# Baling in March!



## haybaler101 (Nov 30, 2008)

Going to start baling tomorrow, March 7th in Southern Indiana. No its not hay but still running the equipment. Contracted to bale 180 acres of asparagus tops for the local truck farmer. Started mowing today. Looks like a bunch of tumbleweeds but he wants it off the field so the Mexicanos can pick the asparagus easier.


----------



## Vol (Jul 5, 2009)

What kind of rake are you using...wheel rake? What happens with the bales? I would like to see that....sounds interesting.

Regards, Mike


----------



## evan (Jan 22, 2012)

we always just brush hog our ass grass fields, seems like a lot less work then cutting, raking, and rolling


----------



## haybaler101 (Nov 30, 2008)

evan said:


> we always just brush hog our ass grass fields, seems like a lot less work then cutting, raking, and rolling


Asparagus grower doesn't want any residue left on the field, they are going to bush hog again when I am done to get a closer cut yet. Bales are going in the ditch as far as I know. Money is not an object, these guys are making bookoo bucks on this stuff.


----------



## NDVA HAYMAN (Nov 24, 2009)

Please take some pics and post. Mike


----------



## Chessiedog (Jul 24, 2009)

haybaler101 said:


> Started mowing today. Looks like a bunch of tumbleweeds but he wants it off the field so the Mexicanos can pick the asparagus easier.

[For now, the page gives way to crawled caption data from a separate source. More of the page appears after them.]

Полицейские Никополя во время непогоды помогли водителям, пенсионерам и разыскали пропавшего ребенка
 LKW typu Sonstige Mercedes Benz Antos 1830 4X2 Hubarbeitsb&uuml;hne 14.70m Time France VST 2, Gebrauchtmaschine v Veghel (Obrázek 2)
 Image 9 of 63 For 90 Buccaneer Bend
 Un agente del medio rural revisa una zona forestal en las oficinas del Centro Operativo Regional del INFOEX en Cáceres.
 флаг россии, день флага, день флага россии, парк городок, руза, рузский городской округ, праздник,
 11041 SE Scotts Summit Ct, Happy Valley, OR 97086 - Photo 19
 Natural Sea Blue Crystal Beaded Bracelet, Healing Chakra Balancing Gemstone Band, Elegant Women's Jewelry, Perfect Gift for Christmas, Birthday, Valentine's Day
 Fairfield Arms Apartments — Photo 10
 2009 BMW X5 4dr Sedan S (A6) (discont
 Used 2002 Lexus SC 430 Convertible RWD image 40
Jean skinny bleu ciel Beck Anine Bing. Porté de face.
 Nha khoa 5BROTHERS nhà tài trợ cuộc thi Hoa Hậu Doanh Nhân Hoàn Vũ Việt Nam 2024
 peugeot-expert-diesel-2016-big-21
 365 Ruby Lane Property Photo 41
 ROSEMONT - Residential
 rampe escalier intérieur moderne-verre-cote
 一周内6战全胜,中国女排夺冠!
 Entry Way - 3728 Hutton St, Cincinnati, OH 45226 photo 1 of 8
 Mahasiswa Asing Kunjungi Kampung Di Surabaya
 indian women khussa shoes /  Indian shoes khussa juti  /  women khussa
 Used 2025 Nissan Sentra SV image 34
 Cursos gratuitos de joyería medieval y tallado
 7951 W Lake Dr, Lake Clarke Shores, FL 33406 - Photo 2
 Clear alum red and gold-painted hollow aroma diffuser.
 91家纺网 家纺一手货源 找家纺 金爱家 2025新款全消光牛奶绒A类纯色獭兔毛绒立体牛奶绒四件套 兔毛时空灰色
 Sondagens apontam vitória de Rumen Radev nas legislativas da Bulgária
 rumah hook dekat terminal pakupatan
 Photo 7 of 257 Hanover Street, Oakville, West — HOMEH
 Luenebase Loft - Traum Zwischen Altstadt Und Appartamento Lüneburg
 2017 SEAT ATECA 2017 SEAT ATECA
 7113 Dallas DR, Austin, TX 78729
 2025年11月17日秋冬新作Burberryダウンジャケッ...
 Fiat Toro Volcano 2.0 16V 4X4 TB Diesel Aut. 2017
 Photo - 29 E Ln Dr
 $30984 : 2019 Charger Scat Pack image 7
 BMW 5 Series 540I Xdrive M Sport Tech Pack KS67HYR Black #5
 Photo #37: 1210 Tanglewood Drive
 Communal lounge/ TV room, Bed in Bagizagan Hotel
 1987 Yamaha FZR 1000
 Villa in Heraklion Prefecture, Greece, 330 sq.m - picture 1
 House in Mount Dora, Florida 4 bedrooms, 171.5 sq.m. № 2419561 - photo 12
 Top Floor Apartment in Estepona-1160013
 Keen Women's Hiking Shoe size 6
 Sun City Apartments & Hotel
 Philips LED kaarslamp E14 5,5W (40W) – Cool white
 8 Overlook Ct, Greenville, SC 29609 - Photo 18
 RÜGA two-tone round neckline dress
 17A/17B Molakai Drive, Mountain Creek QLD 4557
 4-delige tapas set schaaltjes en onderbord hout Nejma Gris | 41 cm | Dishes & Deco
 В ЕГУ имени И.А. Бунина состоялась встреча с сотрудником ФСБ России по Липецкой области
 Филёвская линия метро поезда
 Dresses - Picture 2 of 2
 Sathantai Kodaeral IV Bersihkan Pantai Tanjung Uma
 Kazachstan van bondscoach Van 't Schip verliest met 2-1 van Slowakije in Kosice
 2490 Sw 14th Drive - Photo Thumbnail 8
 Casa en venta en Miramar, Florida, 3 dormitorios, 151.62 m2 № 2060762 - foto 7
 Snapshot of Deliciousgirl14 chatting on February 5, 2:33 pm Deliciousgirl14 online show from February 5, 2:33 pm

I'm just curious as to how you would mow the tops and bale it and leave any crop to pick ?


----------



## LeadFarmer (May 10, 2011)

I just got done cutting 300 acres. I will begin baling today. I will walk outside and take a pic right now.

I took a picture, but I am unsure how to upload to here. I have it on my phone and on my computer.


----------



## evan (Jan 22, 2012)

Chessiedog said:


> I'm just curious as to how you would mow the tops and bale it and leave any crop to pick ?


They are getting ride of last years ferns that grow up after the harvest is done for the year.


----------



## haybaler101 (Nov 30, 2008)

evan said:


> They are getting ride of last years ferns that grow up after the harvest is done for the year.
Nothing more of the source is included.